In any case, I would still not be sure what addresses to use - as a small example, let's say I want to trace the start of the main
function of the wtest.c
program (included below). I can do this to compile and obtain an machine instruction assembly listing:
$ gcc -g -O0 wtest.c -o wtest
$ objdump -S wtest | less
...
08048474 <main>:
int main(void) {
8048474: 55 push %ebp
8048475: 89 e5 mov %esp,%ebp
8048477: 83 e4 f0 and $0xfffffff0,%esp
804847a: 83 ec 30 sub $0x30,%esp
804847d: 65 a1 14 00 00 00 mov %gs:0x14,%eax
8048483: 89 44 24 2c mov %eax,0x2c(%esp)
8048487: 31 c0 xor %eax,%eax
char filename[] = "/tmp/wtest.txt";
...
return 0;
804850a: b8 00 00 00 00 mov $0x0,%eax
}
...
I would set up ftrace logging via this script:
sudo bash -c '
KDBGPATH="/sys/kernel/debug/tracing"
echo function_graph > $KDBGPATH/current_tracer
echo funcgraph-abstime > $KDBGPATH/trace_options
echo funcgraph-proc > $KDBGPATH/trace_options
echo 0 > $KDBGPATH/tracing_on
echo > $KDBGPATH/trace
echo 1 > $KDBGPATH/tracing_on ; ./wtest ; echo 0 > $KDBGPATH/tracing_on
cat $KDBGPATH/trace > wtest.ftrace
'
You can see a portion of the (otherwise complex) resulting ftrace
log in debugging - Observing a hard-disk write in kernel space (with drivers/modules) - Unix & Linux Stack Exchange (where I got the example from).
Basically, I'd want a printout in this ftrace
log, when the first instructions of main
- say, the instructions at 0x8048474, 0x8048475, 0x8048477, 0x804847a, 0x804847d, 0x8048483 and 0x8048487 - are executed by (any) CPU. The problem is, as far as I can understand from Anatomy of a Program in Memory : Gustavo Duarte, these addresses are the virtual addresses, as seen from the perspective of the process itself (and I gather, the same perspective is shown by /proc/PID/maps
)... And apparently, for krpobe_event
I'd need a physical address?
So, my idea would be: if I can find the physical addresses corresponding to the virtual addresses of the program disassembly (say by coding a kernel module, which would accept pid and address, and return the physical address via procfs), I could set up addresses as a sort of "tracepoints" via /sys/kernel/debug/tracing/kprobe_events
in the above script - and hopefully get them in the ftrace
log.
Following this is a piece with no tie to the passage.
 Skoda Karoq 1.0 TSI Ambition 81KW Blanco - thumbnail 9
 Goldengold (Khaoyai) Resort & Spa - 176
Could this work, in principle?
One problem with this, I found on Linux(ubuntu), C language: Virtual to Physical Address Translation - Stack Overflow:
In user code, you can't know the physical address corresponding to a virtual address. This is information is simply not exported outside the kernel. It could even change at any time, especially if the kernel decides to swap out part of your process's memory.
...
Pass the virtual address to the kernel using systemcall/procfs and use vmalloc_to_pfn. Return the Physical address through procfs/registers.
However, vmalloc_to_pfn
doesn't seem to be trivial either:
VA: 0xf8ab87fc PA using vmalloc_to_pfn: 0x36f7f7fc. But I'm actually expecting: 0x136f7f7fc.
...
The physical address falls between 4 to 5 GB. But I can't get the exact physical address, I only get the chopped off 32-bit address. Is there another way to get true physical address?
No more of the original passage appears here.